# Smoothing Splines

## Mathematical Background

Smoothing splines solve the regularized problem:
$$\min_\beta \|y - G\beta\|_2^2 + \lambda \beta^T \Omega \beta$$

where:
- $G$: natural cubic spline basis with **knots at ALL training points** $x_1, \dots, x_n$
- $\Omega_{ij} = \int g''_i(t) g''_j(t) dt$: penalty matrix (penalizes curvature)
- $\lambda \geq 0$: smoothing parameter

**Solution**: $\hat{\beta} = (G^T G + \lambda \Omega)^{-1} G^T y$

**Alternative formulation**: Minimize over ALL functions $f$:
$$\sum_{i=1}^n (y_i - f(x_i))^2 + \lambda \int (f''(x))^2 dx$$

Smoothing splines circumvent the problem of knot selection (as they just use the inputs as knots), and simultaneously, they control for overfitting by shrinking the coefficients.

In [None]:
import numpy as np
import matplotlib.pyplot as plt
import sys
sys.path.append('../src')

from splines import SmoothingSpline
from utils import (
    generate_sinusoidal_data,
    plot_smoothing_comparison,
    plot_cv_curve,
    mean_squared_error,
    r_squared
)

%matplotlib inline
plt.style.use('seaborn-v0_8-darkgrid')

## 1. Effect of Smoothing Parameter λ

The parameter $\lambda$ controls the bias-variance tradeoff:
- $\lambda \to 0$: More flexible (low bias, high variance) - interpolates data
- $\lambda \to \infty$: More smooth (high bias, low variance) - approaches linear fit

In [None]:
# Generate data
np.random.seed(42)
x_train, y_train = generate_sinusoidal_data(n_samples=30, noise_std=0.3, x_range=(0, 10))
x_test = np.linspace(0, 10, 500)
y_true = np.sin(2*np.pi*x_test/10)

# Try different lambda values
lambdas = [0.001, 0.01, 0.1, 1.0, 10.0, 100.0]
predictions = {}

for lam in lambdas:
    model = SmoothingSpline(lambda_=lam)
    model.fit(x_train, y_train)
    predictions[f'λ={lam}'] = model.predict(x_test)

# Plot comparison
fig = plot_smoothing_comparison(
    x_train, y_train, x_test, predictions,
    y_true_func=lambda x: np.sin(2*np.pi*x/10),
    title="Effect of Smoothing Parameter λ on Smoothing Splines"
)
plt.show()

print("Observation:")
print("  Small λ → wiggly fit (overfitting)")
print("  Large λ → smooth fit (underfitting)")
print("  Need to select optimal λ via cross-validation!")

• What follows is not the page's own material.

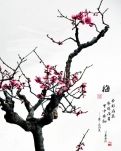 【星月】梅花的神韵（散文）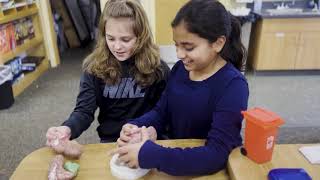 Toledo's Only Accredited Montessori Upper Elementary Program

## 2. Detailed View: λ Effect on Individual Fits

In [None]:
# Same data
lambdas_detail = [0.001, 0.1, 10.0]

fig, axes = plt.subplots(1, 3, figsize=(16, 4))

for ax, lam in zip(axes, lambdas_detail):
    model = SmoothingSpline(lambda_=lam)
    model.fit(x_train, y_train)
    y_pred = model.predict(x_test)
    
    # Compute metrics
    y_pred_train = model.predict(x_train)
    mse = mean_squared_error(y_train, y_pred_train)
    r2 = r_squared(y_train, y_pred_train)
    
    # Plot
    ax.scatter(x_train, y_train, alpha=0.6, s=50, color='gray', zorder=3, label='Data')
    ax.plot(x_test, y_pred, 'b-', linewidth=2.5, label='Smoothing spline')
    ax.plot(x_test, y_true, 'g--', alpha=0.5, linewidth=2, label='True function')
    
    ax.set_xlabel('x', fontsize=11)
    ax.set_ylabel('y', fontsize=11)
    ax.set_title(f'λ = {lam}\nMSE={mse:.3f}, R²={r2:.3f}', fontsize=12)
    ax.legend(fontsize=9)
    ax.grid(True, alpha=0.3)

plt.tight_layout()
plt.show()

## 3. Cross-Validation for λ Selection

The optimal smoothing parameter is typically chosen via cross-validation.

In [None]:
# Generate data
np.random.seed(42)
x_train, y_train = generate_sinusoidal_data(n_samples=60, noise_std=0.25, x_range=(0, 10))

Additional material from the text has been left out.